Monday, May 25, 2009

au clair de la lune,

There’s a certain romance to cities after dark, when the soft glowing streetlamps burn up the deserted avenues. Whether you’re strolling down the boulevards in Montreal, traipsing through muddy streets in London, or riding atop the handlebars of a rickety red bicycle through the stony footpaths in Ljubljana, you can’t help but take notice how busy quarters transform into hollow jungles at sundown – places where only the shadows dance and twist with the haunting movements of late-night commuters.

DREAMER

It took me nearly three months to muster the courage to walk through Dar after dark. I let the labels (third world, crime, night) get the best of me.
But then, at nearly ten weeks in, (and thanks to some familiar faces camped out at the Econolodge in the downtown core) we decided it was time to make the effort.
It was 10pm on a Saturday, and we hailed a 3$ cab to take us to the corner of Morogoro road and Libya street.
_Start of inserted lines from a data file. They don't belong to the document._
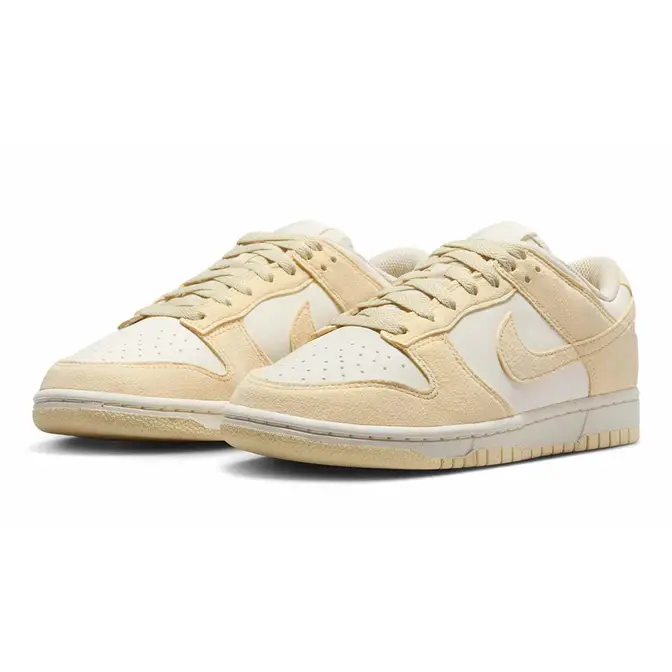 Nike Dunk Low Next Nature Soft Pearl Beach HJ7673-004 Side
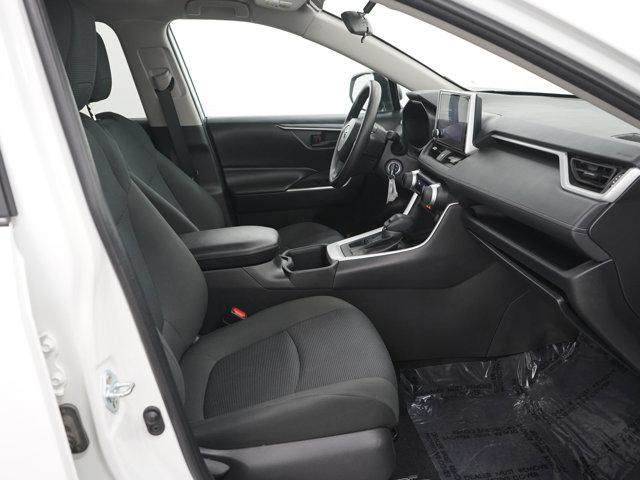 used 2024 Toyota RAV4 car, priced at $27,998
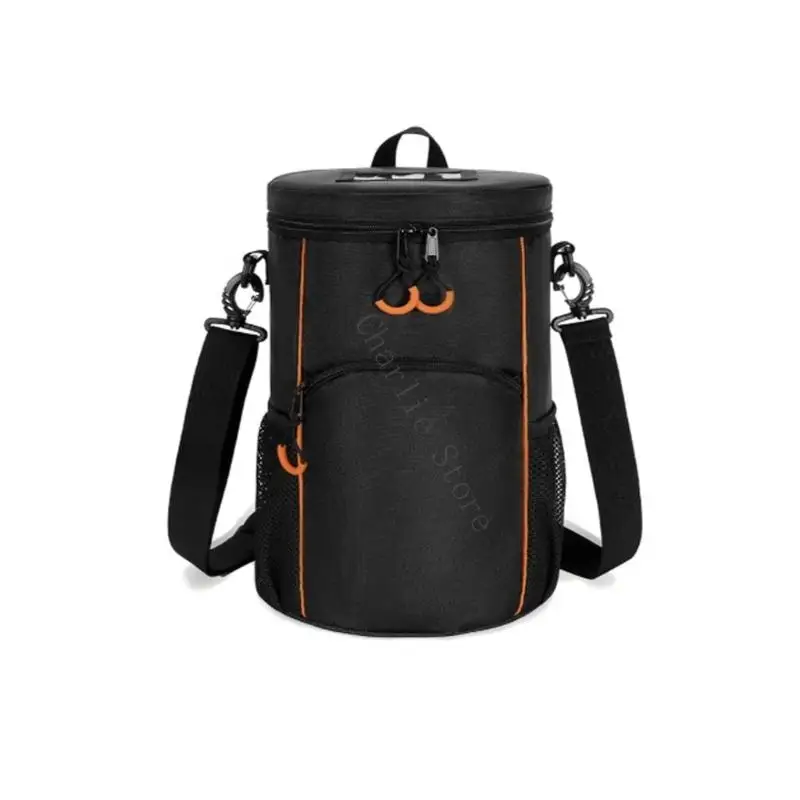 

Large Capacity Sports Equipment Bag For Tennis Baseball Impermeable Bottom Plan W91C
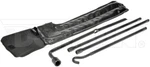 Dorman 926-805 Spare Tire Jack Handle / Wheel Lug Wrench. Fixed Price $50.29.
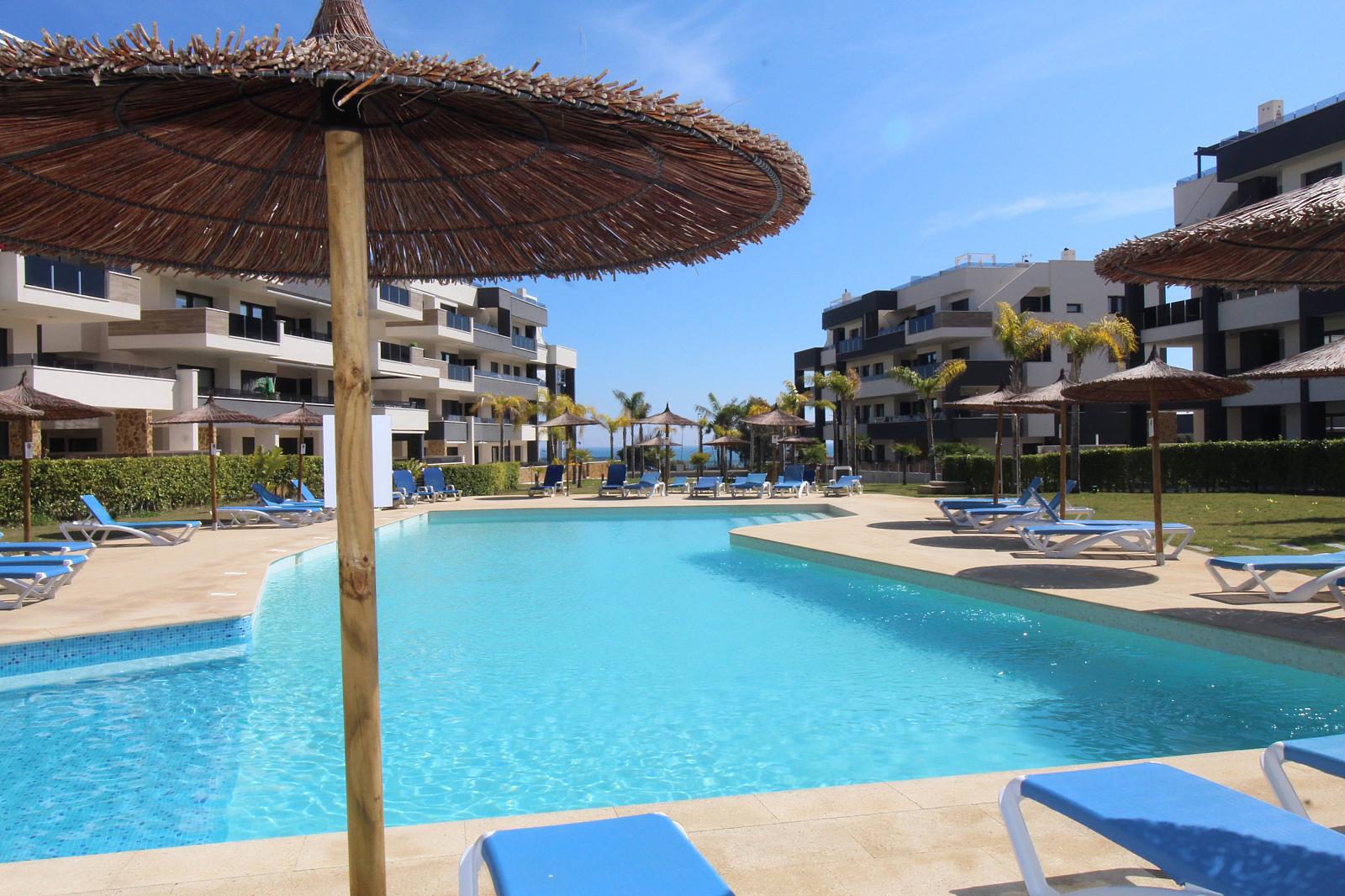 Apartments in Playa Flamenca, Orihuela (ALC-01210) — photograph 3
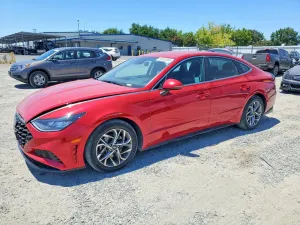 Hyundai Sonata 2.5L 4 2021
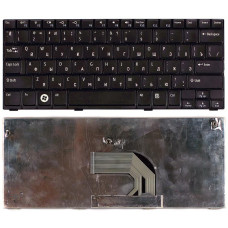 Клавиатура для ноутбука Dell Inspiron mini 1012 1018 черная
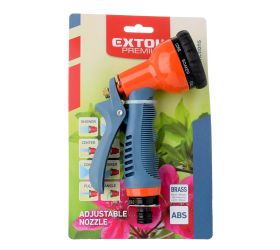 Pevnácenapostrekovač záhr. 8-funkčný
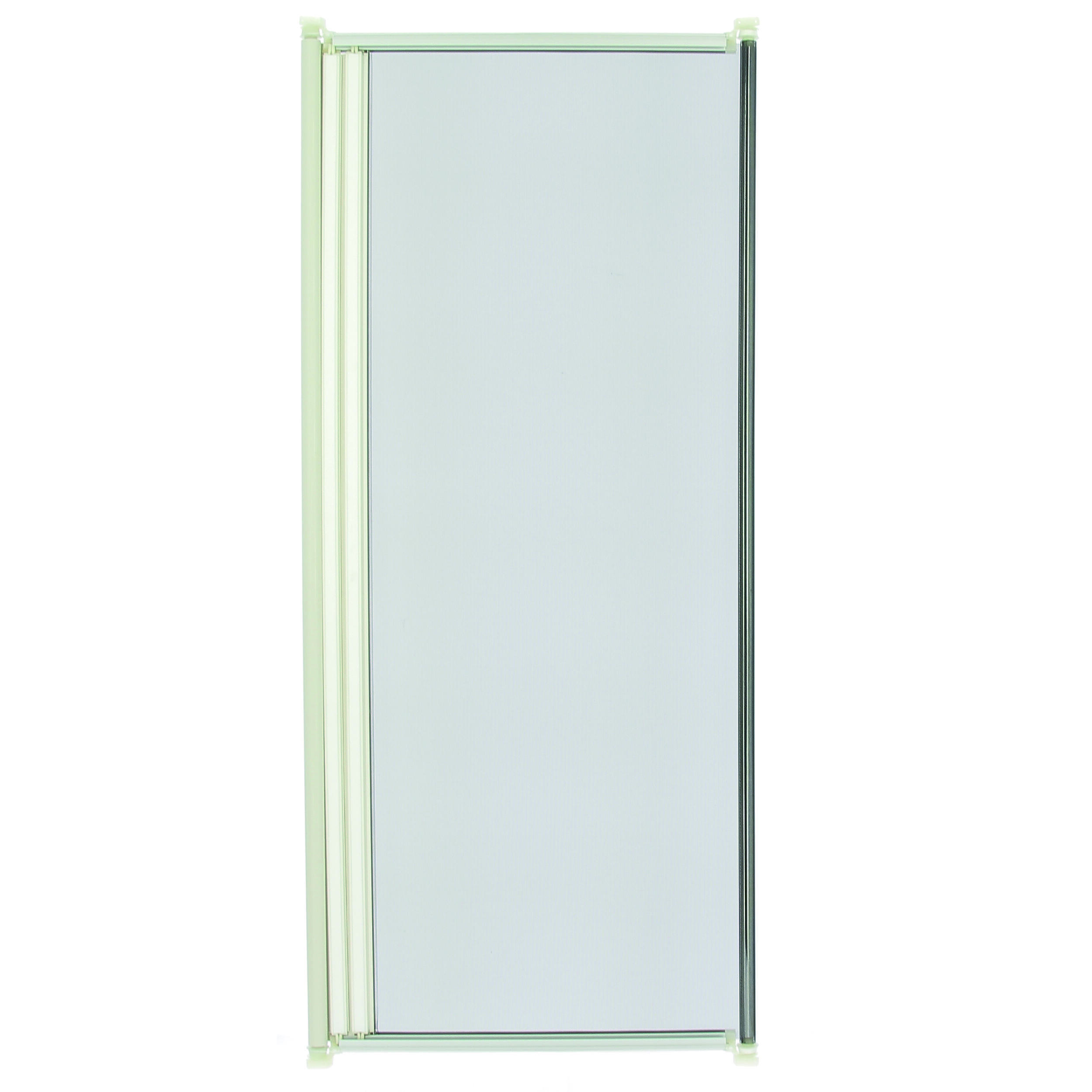 - Dimensions : 600 x 1300 mm - Coloris : Gris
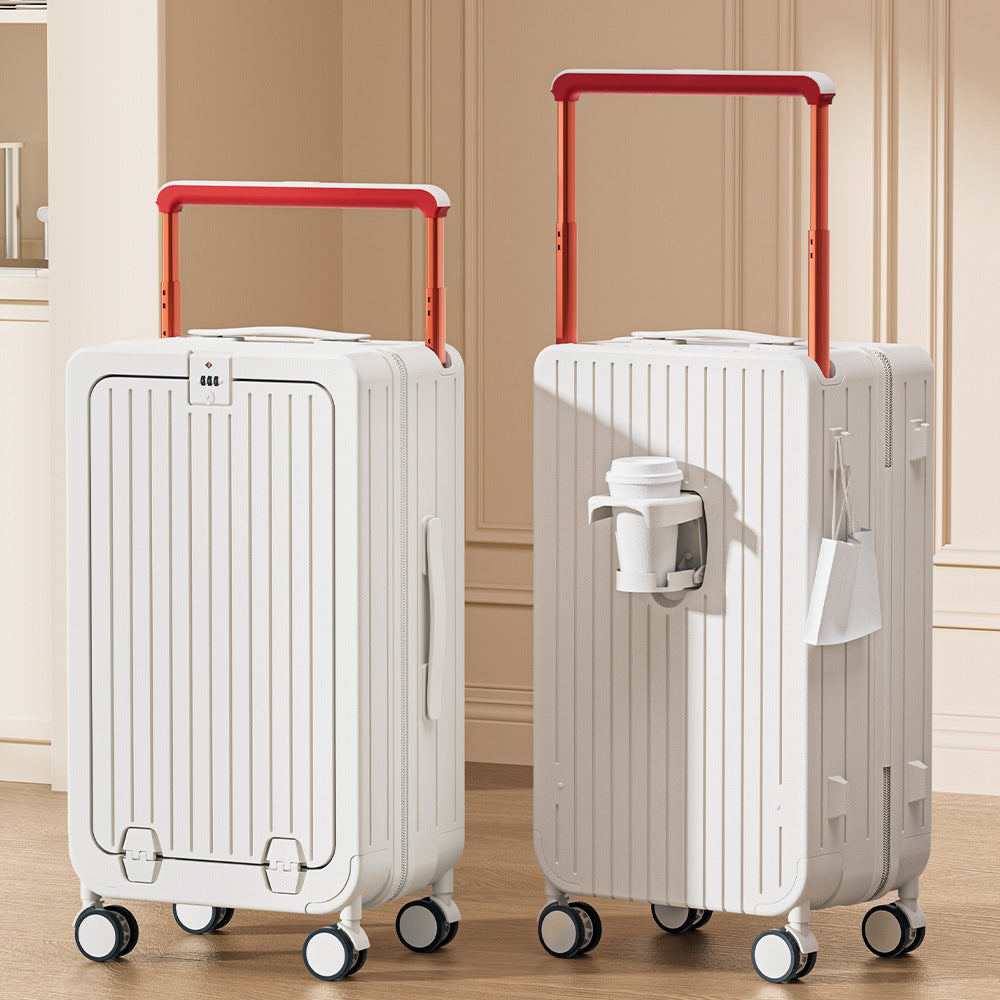 Smart Hartschalen-Reisetrolley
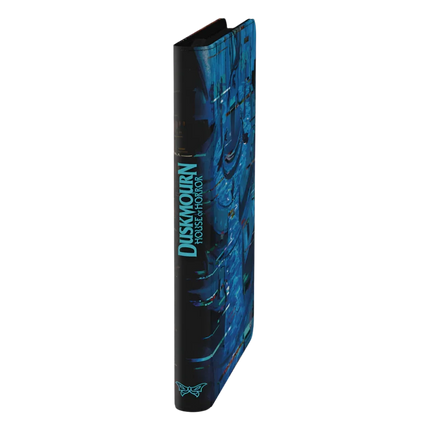 Ultimate Guard - Zipfolio 360 XenoSkin - Magic: The Gathering - Duskmourn: House of Horror - Restricted Office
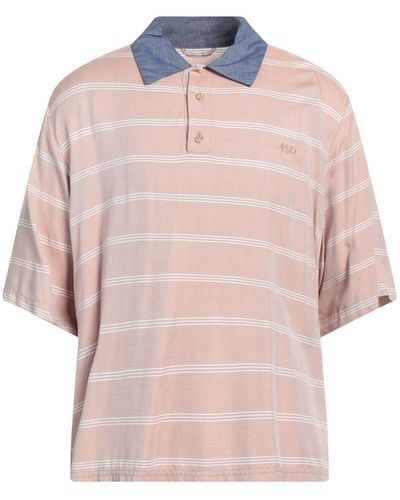 4SDESIGNS Polo Shirt - Pink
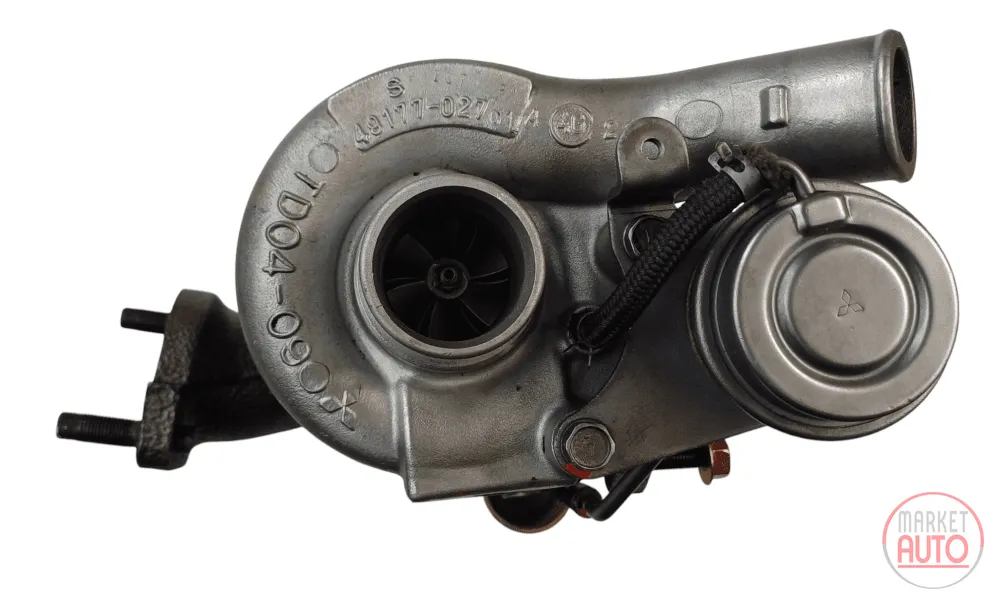Turbocharger Remanufactured (MITSUBISHI)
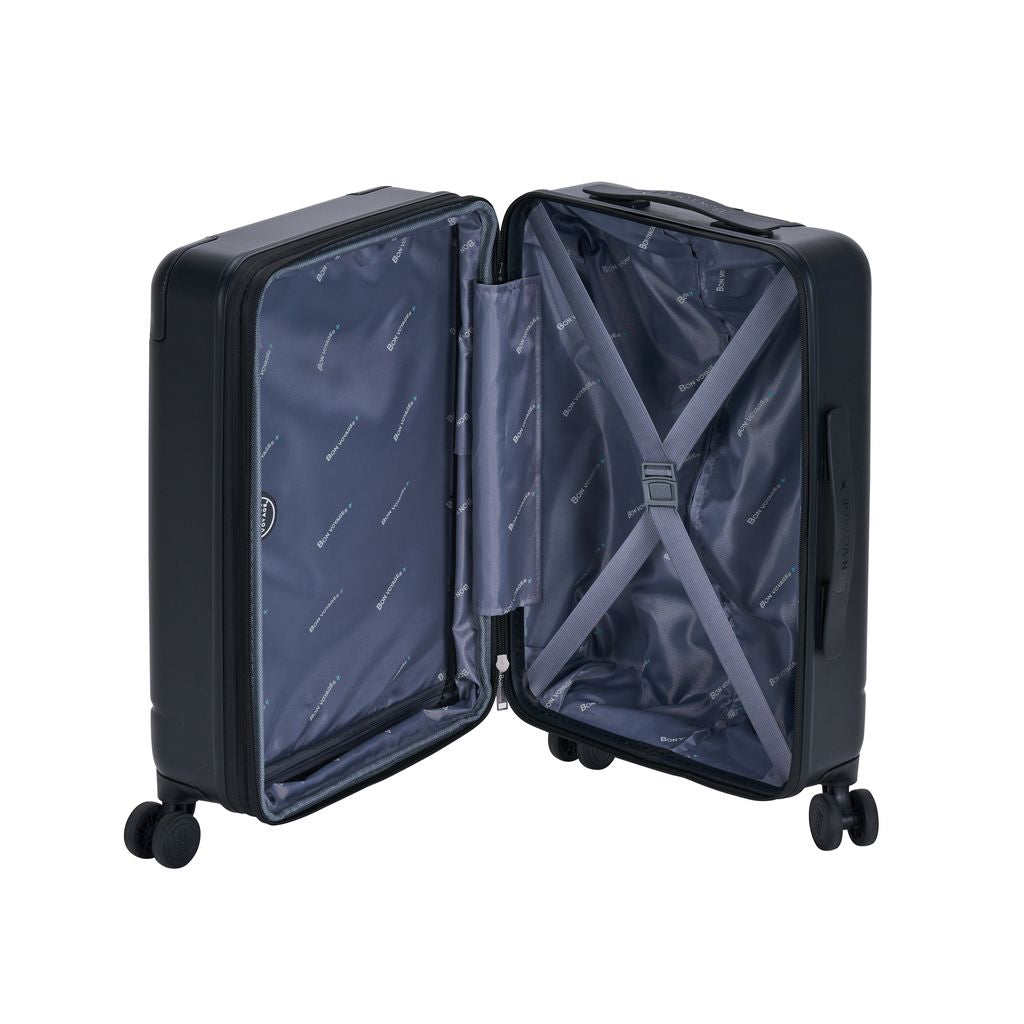 3-Piece Hard side Spinner Luggage Set – 20", 24" & 28"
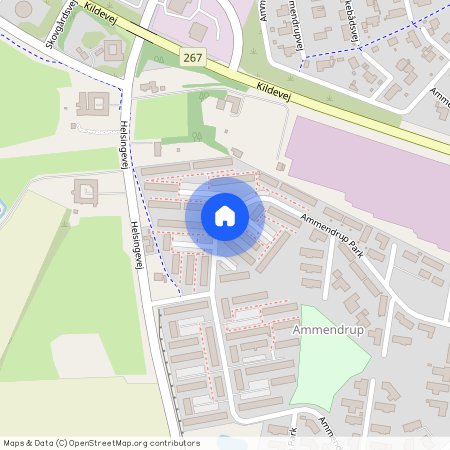 Ammendrup Park 18, Helsinge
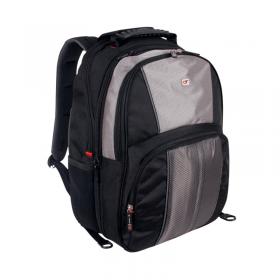 Gino Ferrari Astor Laptop Backpack Black GF502 MD57643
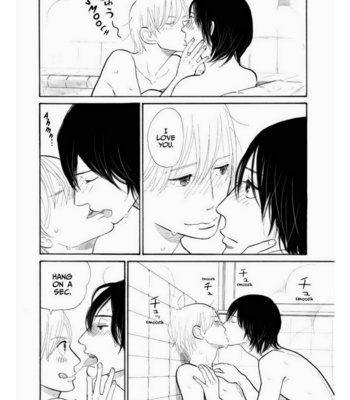 [KUMOTA Haruko] Itoshi no Nekokke ~ vol.02 [Eng] – Gay Manga sex 66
Stepping out on the dirt sidewalk, it took only moments to spot the sign for the hotel. It was a half-lit blue and white eyesore with a giant red arrow pointing towards the lobby (conveniently located at the far end of a Hitchcock-style dark and ominous alleyway – lovingly dubbed ‘crack-alley’ by the hotel guests).
It wasn’t a love-at-first-sight introduction. We stood, three jailbait tourists staring into the shadows, trying to work out how to get to the entrance without being attacked by a hooligan or radioactive rodent. But crack-alley was just the tip of the iceberg.
I’ve wandered through a few moonlit cities, but the combination of dark and deserted has never been so startlingly complete. For two hours, there wasn’t a sign of life beyond a few sleepy-looking taxis that rolled through the abandoned streets, starved for fares in the twilight hours. From the high-rises office towers to the low-income apartments, every window was filled with the same blackness. We walked single file, following the lights of neon-tinted shop signs, to a late-night Lebanese café that served hot mint tea and shisha. After all the anticipation, it was a fairly sweet and underwhelming first impression – no violence, no debauchery, just a soft and settled sort of charm.